Sempre que passo por Abrantes estaciono o carro o mais perto possível do magnífico Museu Ibérico de Arqueologia e Arte que trouxe nova vida a parte significativa do antigo convento de São Domingos e dou uma volta pelas ruas da velha urbe, já não me atrevendo a subir até ao jardim do castelo ou a galgar a ladeira dos Quinchosos, cujo nome sempre me delicia. Claro que me abasteço de palha de Abrantes e, entretanto, sento-me num daqueles bancos à volta da árvore, no Jardim da República. Não percam de ouvido esta imagem de um círculo de bancos de jardim em redor de uma árvore, enquanto puxo o fio que aqui me traz.
Ontem, ao fim da noite encontrei no jornal digital Médio Tejo a notícia de que a câmara da “cidade florida” retoma, por estes dias, uma velha tradição novembrina, espalhando pelas ruas mais de 500 vasos de crisântemos. A jornalista Paula Morato explica que a tradição dos crisântemos foi iniciada pelo mestre jardineiro Simão Vieira que, em meados dos anos 30, expôs dezenas de variedades da “flor de ouro” no jardim do castelo. Já não eram horas de ligar ao meu querido amigo Francisco Lopes a saber mais sobre este mestre jardineiro que se reformou nos anos 70, mas fica o nome de Simão atrás da orelha enquanto não me chega, do historiador amigo, aconchego bibliográfico sobre o homem que imagino a falar com as criaturas vegetais, envasadas ou não.

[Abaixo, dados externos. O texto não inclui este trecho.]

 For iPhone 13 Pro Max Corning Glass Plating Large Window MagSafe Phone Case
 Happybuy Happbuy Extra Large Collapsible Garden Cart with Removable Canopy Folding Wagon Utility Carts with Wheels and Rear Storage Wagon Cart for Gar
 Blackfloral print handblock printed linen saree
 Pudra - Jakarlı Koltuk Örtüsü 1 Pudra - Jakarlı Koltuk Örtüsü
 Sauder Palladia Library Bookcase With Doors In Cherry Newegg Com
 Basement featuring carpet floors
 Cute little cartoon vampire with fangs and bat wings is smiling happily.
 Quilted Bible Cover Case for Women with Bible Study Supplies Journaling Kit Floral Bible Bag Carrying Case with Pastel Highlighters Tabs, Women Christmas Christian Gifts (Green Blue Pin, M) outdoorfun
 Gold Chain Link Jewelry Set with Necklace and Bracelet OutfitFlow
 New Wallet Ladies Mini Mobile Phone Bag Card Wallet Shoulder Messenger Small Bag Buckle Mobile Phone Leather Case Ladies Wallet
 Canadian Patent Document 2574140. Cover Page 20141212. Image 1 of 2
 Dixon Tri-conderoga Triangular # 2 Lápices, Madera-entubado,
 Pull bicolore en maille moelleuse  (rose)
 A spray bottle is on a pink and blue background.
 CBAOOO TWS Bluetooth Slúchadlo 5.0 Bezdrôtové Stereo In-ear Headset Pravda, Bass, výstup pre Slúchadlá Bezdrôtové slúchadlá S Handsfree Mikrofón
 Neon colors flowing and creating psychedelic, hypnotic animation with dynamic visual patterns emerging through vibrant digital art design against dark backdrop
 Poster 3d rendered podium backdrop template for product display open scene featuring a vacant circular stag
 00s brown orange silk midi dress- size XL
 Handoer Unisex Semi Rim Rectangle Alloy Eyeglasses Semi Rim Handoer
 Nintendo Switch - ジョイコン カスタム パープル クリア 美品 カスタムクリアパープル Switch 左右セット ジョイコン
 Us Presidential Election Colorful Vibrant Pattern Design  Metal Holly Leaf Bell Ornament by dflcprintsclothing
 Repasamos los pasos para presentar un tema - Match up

Mestre Simão criou cruzamentos felizes de crisântemos. Para ele, a flor estimada dos abrantinos não exalava perfume de partida, de adeus fúnebre, como J’arrive, a canção triste de Brel. Não sei se há em Abrantes uma rua com o nome de Simão Vieira, se houver aplaudo, se não houver tomai nota, senhores da toponímia local e, já agora, não hesiteis em replicar os bons ofícios da ribatejana Moita que tem uma Praceta dos Crisântemos.
Simão Vieira teria gostado de conversar com o escritor alemão autor do best-seller “A Vida Secreta das Árvores”. Ele afirmou há uns anos, numa entrevista, a convicção de que as árvores têm sentimentos, comunicam entre si usando aquilo que classificou como “uma internet subterrânea”. Esse escritor, cujo nome não me ocorre pronunciar por escapar excessivamente à raiz latina, invocou uma experiência científica realizada em África provando que as acácias libertam um produto químico quando as girafas começam a comê-las. Ele acredita que as árvores são muito parecidas com os humanos e que até se apaixonam.
O mestre jardineiro Simão Vieira já não pode sentar-se num destes bancos do jardim da República rodeando a árvore que talvez seja um cedro dos Himalaias, talvez uma tília, aquela espécie perfumada cuja madeira é ideal para a construção das guitarras Fender.
Peço ao meu amigo Francisco Lopes, historiador de Abrantes, que me perdoe a talvez infrutífera tentativa de identificação de uma árvore cercada de bancos num jardim tranquilo. Certeza firme não tenho senão aquela de que em frente à biblioteca há uma pimenteira bastarda. Mas, sim, quando me sento num dos bancos em círculo, virado para a árvore que não sei identificar com segurança, acredito que ela me estará dirigindo um gesto amável. E acredito que os crisântemos agora espalhados pela cidade são uma flor de acolhimento e não de despedida, como os da canção de Brel.